→ **DATA UNDER STUDY**
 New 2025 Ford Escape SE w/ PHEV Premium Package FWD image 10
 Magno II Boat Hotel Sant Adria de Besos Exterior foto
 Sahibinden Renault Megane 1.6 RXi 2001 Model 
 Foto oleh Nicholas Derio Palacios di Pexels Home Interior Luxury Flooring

--

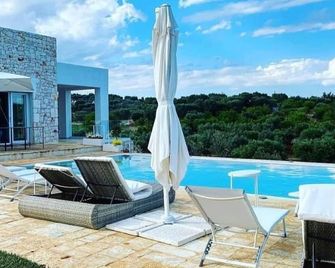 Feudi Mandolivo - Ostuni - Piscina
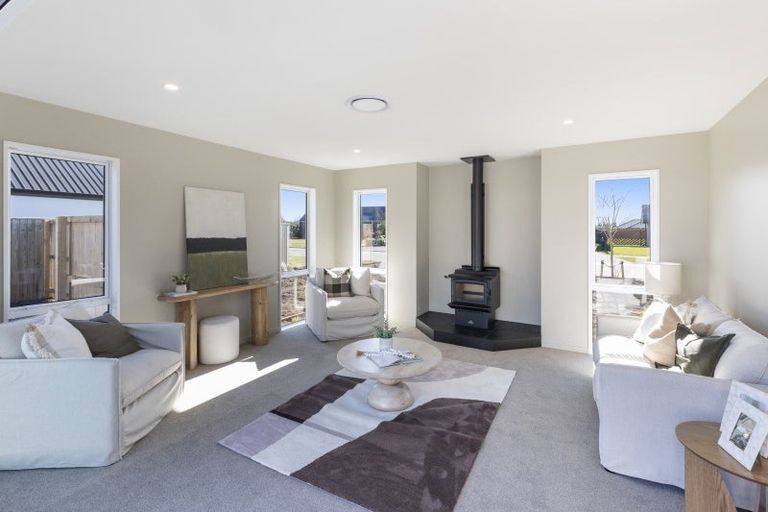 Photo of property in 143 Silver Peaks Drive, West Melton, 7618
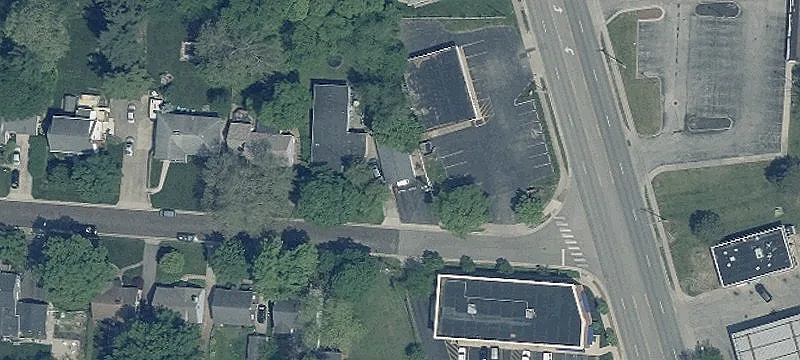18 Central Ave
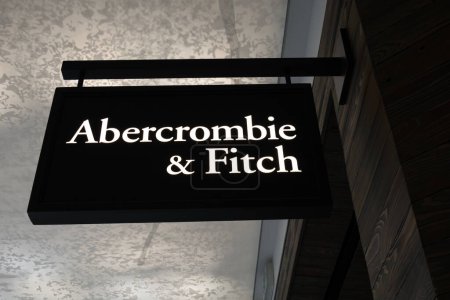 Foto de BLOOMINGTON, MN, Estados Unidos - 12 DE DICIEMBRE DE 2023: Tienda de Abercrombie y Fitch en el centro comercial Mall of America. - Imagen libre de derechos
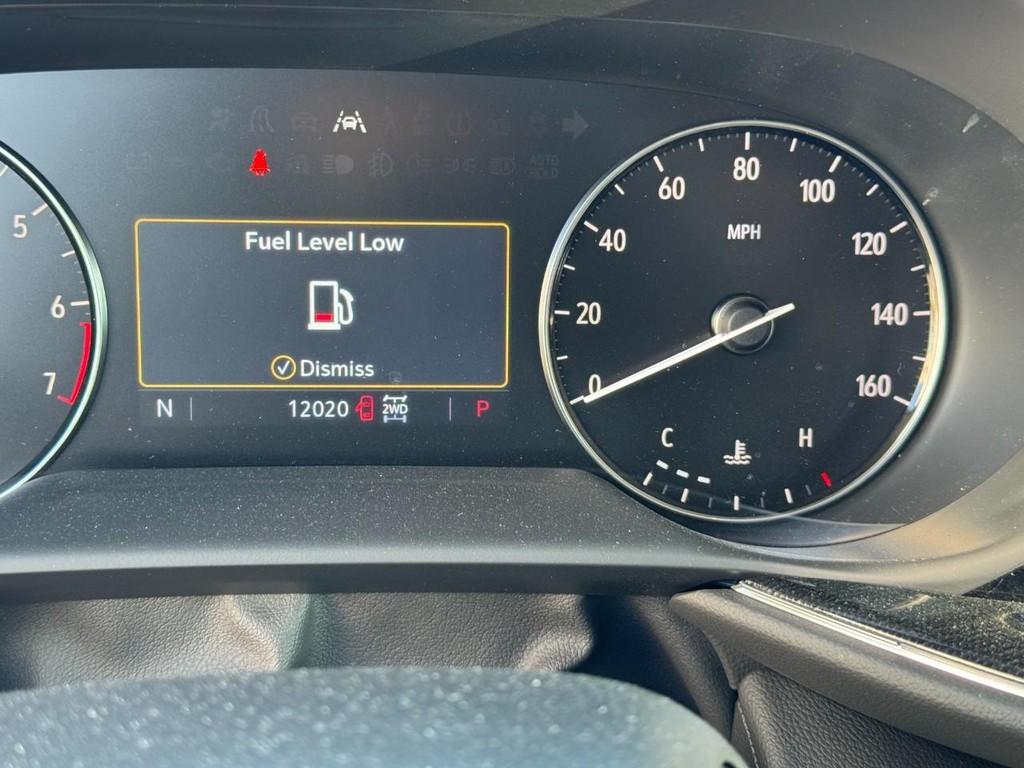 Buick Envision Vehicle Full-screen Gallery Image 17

→ **YOUR GOAL**
Return exactly the lines of the material above, starting at the line containing "Photo of property" and finishing at the line containing "Buick Envision Vehicle", without any pictures.

→ **TASK SOLUTION**
 Photo of property in 143 Silver Peaks Drive, West Melton, 7618
18 Central Ave
 Foto de BLOOMINGTON, MN, Estados Unidos - 12 DE DICIEMBRE DE 2023: Tienda de Abercrombie y Fitch en el centro comercial Mall of America. - Imagen libre de derechos
 Buick Envision Vehicle Full-screen Gallery Image 17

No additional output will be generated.